DirectShow Single-Frame Capture Class Without MFC

Introduction

In computer vision, one usually needs access to video frames as they are streamed in order to analyze or process them in some way. This article shows how to obtain a single bitmap from a video stream using Microsoft Directshow. A prevous article showed how to do this by using Video for Windows. Video for Windows, however, is an old API that was meant for use with webcams; it is not capable of communicating with newer devices such as digital video cameras and newer data format standards such as MPEG. DirectShow was designed to address these limitations through extensibility; in other words, manufacturers of new devices can provide functionality for them through software objects that can be hooked together with existing objects.

In DirectShow, data is streamed by being passed between COM objects known as filters. Filters connect with one another in the standard way defined by COM. The manufacturer of the new device just needs to provide a filter that encapsulates its new behavior. A filter can also be written to intercept data, manipulate it in some way, and pass it on downstream. While writing filters requires knowledge of COM, no knowledge of COM is required to use existing filters such as those that come with DirectShow, as you are going to do in this article. Note that legacy VFW devices will work with DirectShow.

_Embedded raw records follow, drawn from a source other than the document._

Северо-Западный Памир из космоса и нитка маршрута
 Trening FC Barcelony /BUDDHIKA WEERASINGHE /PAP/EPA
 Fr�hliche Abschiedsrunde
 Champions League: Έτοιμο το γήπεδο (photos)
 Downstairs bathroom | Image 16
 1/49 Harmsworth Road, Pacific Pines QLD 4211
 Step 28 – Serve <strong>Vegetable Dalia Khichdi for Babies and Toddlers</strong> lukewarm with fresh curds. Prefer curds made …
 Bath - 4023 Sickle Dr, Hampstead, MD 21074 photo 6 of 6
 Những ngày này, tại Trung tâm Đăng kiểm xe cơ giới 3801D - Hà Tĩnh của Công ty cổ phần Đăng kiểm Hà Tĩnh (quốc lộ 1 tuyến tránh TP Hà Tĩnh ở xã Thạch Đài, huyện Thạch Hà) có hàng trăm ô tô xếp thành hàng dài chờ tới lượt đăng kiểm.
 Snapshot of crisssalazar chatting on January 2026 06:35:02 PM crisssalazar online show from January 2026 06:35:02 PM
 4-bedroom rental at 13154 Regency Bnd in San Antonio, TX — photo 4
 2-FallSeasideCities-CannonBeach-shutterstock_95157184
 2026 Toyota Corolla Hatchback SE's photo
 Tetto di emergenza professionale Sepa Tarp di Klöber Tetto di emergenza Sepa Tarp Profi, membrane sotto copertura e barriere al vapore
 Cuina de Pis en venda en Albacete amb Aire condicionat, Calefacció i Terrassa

In DirectShow, data travels from source to sink through filters chained together to form a filter graph. The simplest filter graph will have two filters, a source filter connected to a renderer filter. Between these two, one might want to add a filter that transforms the data, for example, by removing color from it or changing its format. The connection points on a filter are known as input and output pins, and a filter can have several of them. For example, you can have an AVI splitter that receives data on one input pin, splits it into picture and sound data streams, which it outputs on two pins, one being an input to a video display and the other a sound player.

A component known as the Filter Graph Manager provides methods for connecting filters to form the filter graph; provides high-level control of the filter graph through commands such as run, stop, and pause; and notifies the application of events such as “capture complete.”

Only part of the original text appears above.